**WORK TASK**
Taking the listing below, restate word for word each line from the line with "Hi, my name" to the line with "How's it going", ends included, and stop there.

**PROVIDED ENTRIES**
<<<<

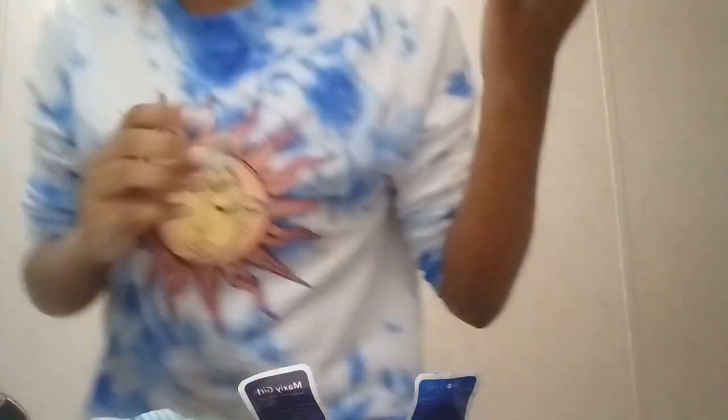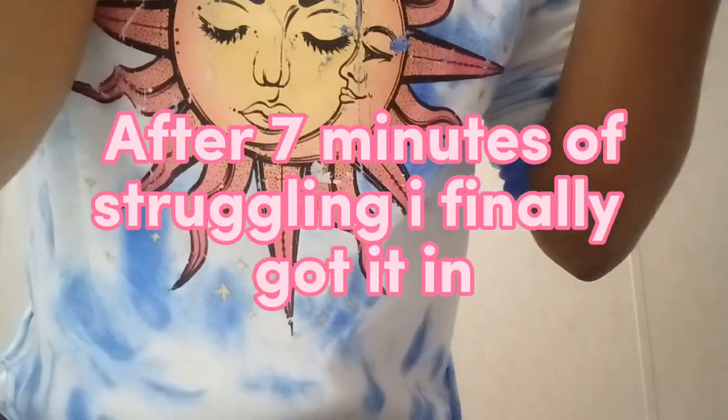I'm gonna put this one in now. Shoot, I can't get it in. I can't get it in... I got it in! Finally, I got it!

>>>>
<<<<

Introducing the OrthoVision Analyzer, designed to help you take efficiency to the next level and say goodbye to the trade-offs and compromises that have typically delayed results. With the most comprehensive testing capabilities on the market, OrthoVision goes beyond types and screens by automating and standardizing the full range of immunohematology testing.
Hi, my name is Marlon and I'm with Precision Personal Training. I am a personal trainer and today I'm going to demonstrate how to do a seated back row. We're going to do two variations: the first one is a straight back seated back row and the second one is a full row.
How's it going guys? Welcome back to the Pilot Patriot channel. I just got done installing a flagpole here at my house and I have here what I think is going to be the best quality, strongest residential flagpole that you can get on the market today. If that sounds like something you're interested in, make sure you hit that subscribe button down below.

>>>>

**COMPLETED TASK**
Hi, my name is Marlon and I'm with Precision Personal Training. I am a personal trainer and today I'm going to demonstrate how to do a seated back row. We're going to do two variations: the first one is a straight back seated back row and the second one is a full row.
How's it going guys? Welcome back to the Pilot Patriot channel. I just got done installing a flagpole here at my house and I have here what I think is going to be the best quality, strongest residential flagpole that you can get on the market today. If that sounds like something you're interested in, make sure you hit that subscribe button down below.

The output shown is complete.